====== Records for this exercise
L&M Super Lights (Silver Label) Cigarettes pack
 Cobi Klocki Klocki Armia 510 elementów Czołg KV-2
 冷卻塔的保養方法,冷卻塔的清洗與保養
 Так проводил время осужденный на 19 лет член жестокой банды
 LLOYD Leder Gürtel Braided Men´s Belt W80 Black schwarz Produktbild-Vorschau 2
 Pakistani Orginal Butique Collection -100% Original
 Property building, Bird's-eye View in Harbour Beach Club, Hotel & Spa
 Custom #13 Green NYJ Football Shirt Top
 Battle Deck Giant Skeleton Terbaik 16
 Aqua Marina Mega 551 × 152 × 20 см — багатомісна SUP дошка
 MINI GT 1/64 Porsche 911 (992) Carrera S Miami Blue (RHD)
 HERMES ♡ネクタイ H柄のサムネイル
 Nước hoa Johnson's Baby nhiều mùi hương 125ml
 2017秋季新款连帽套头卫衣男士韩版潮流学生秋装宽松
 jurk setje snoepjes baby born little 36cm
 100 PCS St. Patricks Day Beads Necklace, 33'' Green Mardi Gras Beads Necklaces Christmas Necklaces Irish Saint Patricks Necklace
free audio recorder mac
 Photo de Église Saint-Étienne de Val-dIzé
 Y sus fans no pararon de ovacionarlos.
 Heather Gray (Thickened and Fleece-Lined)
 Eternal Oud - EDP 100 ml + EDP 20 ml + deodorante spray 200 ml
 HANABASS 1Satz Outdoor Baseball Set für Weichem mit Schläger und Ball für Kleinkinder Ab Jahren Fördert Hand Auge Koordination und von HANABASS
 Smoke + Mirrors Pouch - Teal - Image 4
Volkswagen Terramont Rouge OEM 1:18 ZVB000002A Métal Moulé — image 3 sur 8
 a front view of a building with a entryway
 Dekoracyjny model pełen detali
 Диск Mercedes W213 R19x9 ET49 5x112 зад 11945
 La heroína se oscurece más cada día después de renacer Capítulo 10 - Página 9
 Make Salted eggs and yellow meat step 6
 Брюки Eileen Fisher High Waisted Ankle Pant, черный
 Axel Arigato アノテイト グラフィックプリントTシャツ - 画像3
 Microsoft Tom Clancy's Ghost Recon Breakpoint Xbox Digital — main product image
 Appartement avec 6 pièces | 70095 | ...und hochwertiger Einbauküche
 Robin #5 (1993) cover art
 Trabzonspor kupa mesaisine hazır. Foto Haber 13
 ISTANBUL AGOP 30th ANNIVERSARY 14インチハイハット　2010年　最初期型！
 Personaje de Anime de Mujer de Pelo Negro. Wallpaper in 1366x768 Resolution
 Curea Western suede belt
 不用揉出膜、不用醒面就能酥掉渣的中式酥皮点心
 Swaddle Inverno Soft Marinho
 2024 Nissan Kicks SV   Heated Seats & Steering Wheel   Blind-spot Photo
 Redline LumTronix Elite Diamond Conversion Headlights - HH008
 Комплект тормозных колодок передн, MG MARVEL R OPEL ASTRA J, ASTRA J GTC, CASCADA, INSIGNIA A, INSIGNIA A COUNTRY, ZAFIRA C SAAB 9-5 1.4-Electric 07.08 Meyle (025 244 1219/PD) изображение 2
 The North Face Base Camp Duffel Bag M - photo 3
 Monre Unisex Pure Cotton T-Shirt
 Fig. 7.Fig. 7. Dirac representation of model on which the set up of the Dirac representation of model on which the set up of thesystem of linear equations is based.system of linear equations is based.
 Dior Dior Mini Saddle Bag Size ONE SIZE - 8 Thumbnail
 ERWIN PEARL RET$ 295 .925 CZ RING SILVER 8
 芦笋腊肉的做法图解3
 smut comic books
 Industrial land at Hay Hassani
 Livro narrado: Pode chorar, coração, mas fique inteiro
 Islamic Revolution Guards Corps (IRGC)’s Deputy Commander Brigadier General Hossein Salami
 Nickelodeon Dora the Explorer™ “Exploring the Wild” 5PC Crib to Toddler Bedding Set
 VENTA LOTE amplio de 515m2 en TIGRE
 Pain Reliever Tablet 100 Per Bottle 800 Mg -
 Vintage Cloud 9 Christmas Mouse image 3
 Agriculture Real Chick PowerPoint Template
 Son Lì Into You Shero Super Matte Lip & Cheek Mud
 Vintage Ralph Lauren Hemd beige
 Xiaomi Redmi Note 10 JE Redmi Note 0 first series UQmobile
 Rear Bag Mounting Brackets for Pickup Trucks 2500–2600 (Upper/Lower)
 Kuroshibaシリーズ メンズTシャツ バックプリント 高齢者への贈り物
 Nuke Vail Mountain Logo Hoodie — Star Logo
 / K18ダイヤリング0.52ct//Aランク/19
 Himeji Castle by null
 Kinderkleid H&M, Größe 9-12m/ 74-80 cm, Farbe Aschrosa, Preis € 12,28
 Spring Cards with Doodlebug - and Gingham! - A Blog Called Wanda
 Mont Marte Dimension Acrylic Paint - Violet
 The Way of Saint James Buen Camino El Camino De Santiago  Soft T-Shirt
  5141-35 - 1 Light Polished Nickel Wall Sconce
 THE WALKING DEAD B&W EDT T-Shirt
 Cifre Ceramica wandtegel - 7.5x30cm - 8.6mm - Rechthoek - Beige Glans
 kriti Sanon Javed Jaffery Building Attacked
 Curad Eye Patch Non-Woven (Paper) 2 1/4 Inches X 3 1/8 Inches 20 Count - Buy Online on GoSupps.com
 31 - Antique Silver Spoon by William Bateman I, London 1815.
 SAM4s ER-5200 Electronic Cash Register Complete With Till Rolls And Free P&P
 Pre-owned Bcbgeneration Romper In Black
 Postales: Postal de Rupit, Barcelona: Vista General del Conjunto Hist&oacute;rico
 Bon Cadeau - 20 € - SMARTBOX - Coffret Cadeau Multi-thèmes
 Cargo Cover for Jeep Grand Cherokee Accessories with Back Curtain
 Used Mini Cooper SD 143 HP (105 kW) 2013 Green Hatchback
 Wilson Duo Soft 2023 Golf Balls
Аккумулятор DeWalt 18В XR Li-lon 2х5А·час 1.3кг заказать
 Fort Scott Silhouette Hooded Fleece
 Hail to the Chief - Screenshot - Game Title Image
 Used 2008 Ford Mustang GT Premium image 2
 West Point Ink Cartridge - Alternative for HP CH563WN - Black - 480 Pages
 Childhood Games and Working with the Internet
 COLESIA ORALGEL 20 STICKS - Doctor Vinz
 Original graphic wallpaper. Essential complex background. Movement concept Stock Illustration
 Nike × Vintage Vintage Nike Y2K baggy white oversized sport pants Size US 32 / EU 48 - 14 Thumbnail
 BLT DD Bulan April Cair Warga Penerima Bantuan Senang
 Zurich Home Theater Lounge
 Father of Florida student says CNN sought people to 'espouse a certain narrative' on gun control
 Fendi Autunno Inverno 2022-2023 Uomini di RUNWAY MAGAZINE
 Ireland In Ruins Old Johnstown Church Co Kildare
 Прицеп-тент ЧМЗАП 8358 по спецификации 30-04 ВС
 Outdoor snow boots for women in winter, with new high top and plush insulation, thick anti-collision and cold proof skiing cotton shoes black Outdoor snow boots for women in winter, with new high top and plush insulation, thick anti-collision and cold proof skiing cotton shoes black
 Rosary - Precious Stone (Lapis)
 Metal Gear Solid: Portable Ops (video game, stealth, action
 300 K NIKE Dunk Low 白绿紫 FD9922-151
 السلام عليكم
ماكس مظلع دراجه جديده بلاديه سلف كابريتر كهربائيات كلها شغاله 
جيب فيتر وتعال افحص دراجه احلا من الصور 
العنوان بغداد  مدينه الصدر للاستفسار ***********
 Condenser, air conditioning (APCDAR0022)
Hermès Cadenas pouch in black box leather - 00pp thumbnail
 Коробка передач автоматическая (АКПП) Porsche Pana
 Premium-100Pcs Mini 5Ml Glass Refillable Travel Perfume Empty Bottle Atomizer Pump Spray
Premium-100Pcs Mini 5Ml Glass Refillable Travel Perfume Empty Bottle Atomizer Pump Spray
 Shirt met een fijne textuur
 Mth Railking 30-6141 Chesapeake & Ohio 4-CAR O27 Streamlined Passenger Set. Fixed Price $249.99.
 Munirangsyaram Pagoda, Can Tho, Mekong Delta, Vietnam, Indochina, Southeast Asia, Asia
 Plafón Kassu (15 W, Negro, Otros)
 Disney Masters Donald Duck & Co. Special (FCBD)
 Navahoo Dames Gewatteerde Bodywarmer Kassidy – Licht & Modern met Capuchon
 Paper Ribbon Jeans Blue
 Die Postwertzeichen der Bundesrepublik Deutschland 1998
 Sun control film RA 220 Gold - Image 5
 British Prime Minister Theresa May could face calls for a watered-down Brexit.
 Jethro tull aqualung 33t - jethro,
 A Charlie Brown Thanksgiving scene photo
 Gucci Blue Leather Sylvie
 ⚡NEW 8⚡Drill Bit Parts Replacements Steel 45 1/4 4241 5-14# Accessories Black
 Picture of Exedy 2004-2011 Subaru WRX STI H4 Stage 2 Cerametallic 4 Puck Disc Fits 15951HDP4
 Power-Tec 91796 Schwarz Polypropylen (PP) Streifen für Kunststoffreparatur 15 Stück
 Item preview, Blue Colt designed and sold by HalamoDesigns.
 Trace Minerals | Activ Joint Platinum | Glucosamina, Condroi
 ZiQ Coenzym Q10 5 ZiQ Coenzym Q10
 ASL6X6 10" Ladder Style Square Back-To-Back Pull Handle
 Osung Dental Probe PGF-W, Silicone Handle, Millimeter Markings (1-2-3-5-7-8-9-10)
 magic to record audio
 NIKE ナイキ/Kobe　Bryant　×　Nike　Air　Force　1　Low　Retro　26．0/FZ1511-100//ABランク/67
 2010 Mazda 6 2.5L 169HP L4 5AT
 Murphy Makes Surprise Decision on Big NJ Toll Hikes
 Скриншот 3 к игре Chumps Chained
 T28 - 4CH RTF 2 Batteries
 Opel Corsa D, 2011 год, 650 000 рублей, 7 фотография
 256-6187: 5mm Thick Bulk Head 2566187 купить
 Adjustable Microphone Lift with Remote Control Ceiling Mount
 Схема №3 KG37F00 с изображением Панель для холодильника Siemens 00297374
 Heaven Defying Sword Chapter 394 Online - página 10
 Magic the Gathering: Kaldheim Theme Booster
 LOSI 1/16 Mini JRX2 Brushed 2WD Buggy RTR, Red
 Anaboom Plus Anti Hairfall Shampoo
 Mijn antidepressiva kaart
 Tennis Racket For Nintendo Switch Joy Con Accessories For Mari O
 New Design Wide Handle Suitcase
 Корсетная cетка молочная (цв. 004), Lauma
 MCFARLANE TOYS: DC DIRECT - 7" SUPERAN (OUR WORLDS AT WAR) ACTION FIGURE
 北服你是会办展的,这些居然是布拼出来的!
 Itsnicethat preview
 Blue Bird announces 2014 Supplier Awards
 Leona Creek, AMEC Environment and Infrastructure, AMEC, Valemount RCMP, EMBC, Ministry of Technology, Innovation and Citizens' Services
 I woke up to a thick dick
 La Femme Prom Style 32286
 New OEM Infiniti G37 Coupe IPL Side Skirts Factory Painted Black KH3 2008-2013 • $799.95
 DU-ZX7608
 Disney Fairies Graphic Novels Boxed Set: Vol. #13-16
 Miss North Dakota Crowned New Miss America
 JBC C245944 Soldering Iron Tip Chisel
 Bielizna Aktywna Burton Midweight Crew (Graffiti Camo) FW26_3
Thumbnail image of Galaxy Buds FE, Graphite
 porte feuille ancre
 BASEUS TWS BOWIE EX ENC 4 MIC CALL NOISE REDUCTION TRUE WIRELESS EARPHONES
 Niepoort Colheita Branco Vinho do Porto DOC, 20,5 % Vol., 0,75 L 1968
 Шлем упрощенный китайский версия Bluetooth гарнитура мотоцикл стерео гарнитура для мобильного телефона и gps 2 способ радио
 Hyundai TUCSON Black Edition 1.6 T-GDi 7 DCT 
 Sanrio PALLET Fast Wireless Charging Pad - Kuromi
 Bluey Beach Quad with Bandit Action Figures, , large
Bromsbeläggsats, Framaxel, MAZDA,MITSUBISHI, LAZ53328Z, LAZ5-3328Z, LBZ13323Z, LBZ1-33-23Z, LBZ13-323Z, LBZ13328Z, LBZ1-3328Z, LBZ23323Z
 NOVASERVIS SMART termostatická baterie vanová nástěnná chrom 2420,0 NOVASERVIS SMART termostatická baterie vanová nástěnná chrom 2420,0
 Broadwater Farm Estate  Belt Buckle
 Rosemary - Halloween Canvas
============
■ Activity ■
Working from the data above, extract solely the lines from the one containing "Rear Bag Mounting" through the one containing "Kinderkleid H&M, Größe", exactly as they appear, both included.

■ Response to this exercise ■
 Rear Bag Mounting Brackets for Pickup Trucks 2500–2600 (Upper/Lower)
 Kuroshibaシリーズ メンズTシャツ バックプリント 高齢者への贈り物
 Nuke Vail Mountain Logo Hoodie — Star Logo
 / K18ダイヤリング0.52ct//Aランク/19
 Himeji Castle by null
 Kinderkleid H&M, Größe 9-12m/ 74-80 cm, Farbe Aschrosa, Preis € 12,28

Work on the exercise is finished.